The recent scandal at Facebook is the portent of worse things. Its CEO, Mark Zuckerberg, is an accomplished entrepreneur, but even he seems to have been caught completely off guard. Simply put, he lost control.
Facebook is frantically scrambling to lock the proverbial barn door regarding the Cambridge Analytica scandal. But what about Google, Apple, Microsoft, Amazon, and others? At least at Facebook, the open door was discovered, albeit a bit late. But your bank may already have been hacked, with no one knowing about it except the hackers – and the doors may be wide open.
Technology is complex and is becoming more so all the time. Eventually, it will become too convoluted for anyone to control. Not only are the computers complicated, but they have become integrated into a social fabric that is unraveling before our very eyes. Soon, all this complexity will be in the hands of Millennials, many of whom are snowflakes. God help us.

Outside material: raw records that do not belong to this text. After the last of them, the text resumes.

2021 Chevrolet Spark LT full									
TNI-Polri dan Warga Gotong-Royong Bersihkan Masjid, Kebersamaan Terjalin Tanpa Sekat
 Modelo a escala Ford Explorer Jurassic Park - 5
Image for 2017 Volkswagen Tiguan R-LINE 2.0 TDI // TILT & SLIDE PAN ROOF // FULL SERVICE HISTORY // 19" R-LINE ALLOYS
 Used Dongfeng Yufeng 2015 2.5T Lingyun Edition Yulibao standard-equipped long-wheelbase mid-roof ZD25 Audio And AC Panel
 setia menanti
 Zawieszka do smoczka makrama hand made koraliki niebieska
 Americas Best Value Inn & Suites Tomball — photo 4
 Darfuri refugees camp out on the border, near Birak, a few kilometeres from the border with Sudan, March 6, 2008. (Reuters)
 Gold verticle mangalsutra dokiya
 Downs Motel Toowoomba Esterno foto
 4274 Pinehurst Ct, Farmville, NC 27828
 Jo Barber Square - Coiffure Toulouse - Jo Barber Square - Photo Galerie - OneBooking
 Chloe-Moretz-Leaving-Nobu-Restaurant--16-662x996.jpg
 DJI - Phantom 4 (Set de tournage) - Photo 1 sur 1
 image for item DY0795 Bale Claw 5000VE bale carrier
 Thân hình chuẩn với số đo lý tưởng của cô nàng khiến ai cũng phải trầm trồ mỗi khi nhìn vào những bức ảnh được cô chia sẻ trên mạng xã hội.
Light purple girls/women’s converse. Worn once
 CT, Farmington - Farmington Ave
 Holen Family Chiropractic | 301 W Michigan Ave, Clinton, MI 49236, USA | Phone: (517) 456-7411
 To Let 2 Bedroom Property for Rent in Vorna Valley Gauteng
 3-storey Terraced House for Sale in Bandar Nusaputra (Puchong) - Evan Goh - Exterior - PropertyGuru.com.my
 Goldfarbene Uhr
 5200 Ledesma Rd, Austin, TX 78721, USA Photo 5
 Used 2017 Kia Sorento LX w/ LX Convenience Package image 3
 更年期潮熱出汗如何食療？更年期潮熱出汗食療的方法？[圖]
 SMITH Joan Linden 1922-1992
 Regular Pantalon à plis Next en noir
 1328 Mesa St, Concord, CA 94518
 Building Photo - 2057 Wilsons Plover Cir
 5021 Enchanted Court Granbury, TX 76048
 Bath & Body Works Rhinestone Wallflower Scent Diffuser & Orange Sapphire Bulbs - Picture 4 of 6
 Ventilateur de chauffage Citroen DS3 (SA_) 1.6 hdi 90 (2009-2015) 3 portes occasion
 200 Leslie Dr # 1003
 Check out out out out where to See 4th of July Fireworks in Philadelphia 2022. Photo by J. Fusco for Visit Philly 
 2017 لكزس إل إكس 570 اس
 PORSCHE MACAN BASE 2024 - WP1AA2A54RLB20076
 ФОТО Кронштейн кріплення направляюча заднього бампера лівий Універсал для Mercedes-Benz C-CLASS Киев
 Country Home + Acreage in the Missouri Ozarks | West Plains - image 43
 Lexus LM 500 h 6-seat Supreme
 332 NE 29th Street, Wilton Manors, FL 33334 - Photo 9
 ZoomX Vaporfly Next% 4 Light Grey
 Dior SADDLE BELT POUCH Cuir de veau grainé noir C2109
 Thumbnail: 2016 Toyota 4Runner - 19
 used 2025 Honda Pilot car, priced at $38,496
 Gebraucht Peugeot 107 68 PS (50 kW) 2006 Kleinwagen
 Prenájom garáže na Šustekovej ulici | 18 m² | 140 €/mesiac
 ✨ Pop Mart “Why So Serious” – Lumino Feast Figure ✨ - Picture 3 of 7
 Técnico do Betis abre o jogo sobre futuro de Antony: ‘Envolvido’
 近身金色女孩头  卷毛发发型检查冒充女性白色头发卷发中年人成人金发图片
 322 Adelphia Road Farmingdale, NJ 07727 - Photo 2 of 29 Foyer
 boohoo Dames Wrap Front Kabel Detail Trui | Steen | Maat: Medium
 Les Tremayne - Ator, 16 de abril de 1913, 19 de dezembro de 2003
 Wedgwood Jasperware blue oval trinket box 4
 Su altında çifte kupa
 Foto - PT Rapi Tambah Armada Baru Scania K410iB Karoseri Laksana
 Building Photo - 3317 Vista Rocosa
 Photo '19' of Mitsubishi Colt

The most vital functions of our infrastructure are dependent on technology that no one person fully understands. Worse yet, some of the people who understand it best are criminals and tyrants, bad actors who are indifferent about the possible downfall of civilization. Perhaps they would even welcome it.
The heads of the National Security Agency in all likelihood know everything about you that they desire to know. It is all but certain that some of those people cannot be trusted with that degree of power. They have their own interests in mind, not yours, nor that of the nation.
Precisely because a computer is so complex, the smallest defect in it can cause a crash. The slightest vulnerability can be ruinously exploited. Every advance in computing makes it more complex and therefore more vulnerable. Society is like that, and getting more complex by the day.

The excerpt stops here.